Night & Day Café, Manchester

Review by Ian Burke

What better way to continue City’s post-parade celebrations than with a good old gig at the good old Night & Day, eh? Well, as Advances In Mathematics are first up, there’s quite a few. As their name suggests, the local quartet dabble in twinkly, arpeggio-laden post-rock which inevitably careens into brief bursts of frantic instrument bashing before the pace treacles to a halt.

Practically motionless on stage, they lack the visual flair of genre heavyweights Mogwai, Explosions In The Sky or French mob, Microfilm, and struggle to keep interest piqued. The real problem, though, is the songs. They start with an idea and finish on the same one, rarely deviating from a seemingly pre-destined path which any novice musical cartographer could map with ease.

Exiled Cornish trio, Tall Ships, are a much more intriguing proposition. Frontman, Ric Phethean, holds his guitar directly beneath his Adam’s apple, its untrimmed strings wiggling in the air like anemones trawling for plankton. Current single, ‘Tectonic Plates’ opens proceedings, the clever loops whomping up the sound to such a level that you’d swear that a well camouflaged stooge is hidden somewhere in the wings if you hadn’t seen them assembled with your own eyes.

It prompts a mass migration to the front, and although technical gremlins haunt them early on, it doesn’t stop them visiting territory somewhere between Battles and Foals via fellow Brighton residents, The Xcerts. They’re ingenious in places, and if they match the tunes to their undoubted imagination, they’ll be a force.

Three Trapped Tigers aren’t an easy listen, but they’re a fascinating watch.

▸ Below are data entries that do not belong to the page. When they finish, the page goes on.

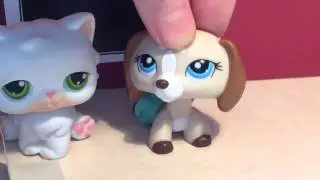 LPS: Топ 5 ситуаций в школе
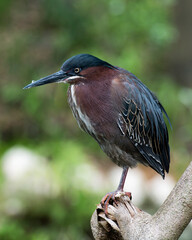 Green Heron stock photos. Perched on a branch displaying blue green feathers, beak, head, eye, feet with a blur background in its environment and habitat looking to the left side. Image. Picture. 
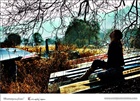 dailyPhoto36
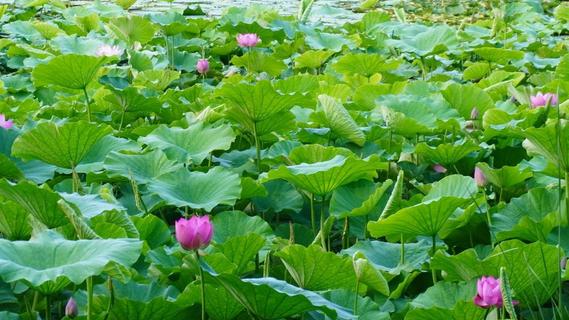 邂逅夏日限定浪漫！青岛中山公园荷花初绽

Their ‘Route One Or Die’ début album is a brazen maelstrom of hare-brained schemes which is difficult to digest in one sitting, and while the same can also be said of tonight’s set (which does slightly overstay its welcome), for the most part, the London outfit present a jaw-slackening lesson in convoluted yet very much to-the-point noise.

Matt Calvert and his trusty bank of guitar pedals pick out a mélange of unfathomable riffs, Tom Rogerson blurts out an unholy cacophony from his synths, while drummer, Adam Betts is the real star of the show, rising from his stool with each of his frequent warp-speed fills, and is covered in enough sweat by the end to fill an Olympic-sized swimming pool.

His erratic, popping candy beats power a beast which all-but proves evolution is alive and well in the twin spheres of rock and electronica, and unlike tonight’s openers, they’re heading bravely into uncharted territory. Here be dragons.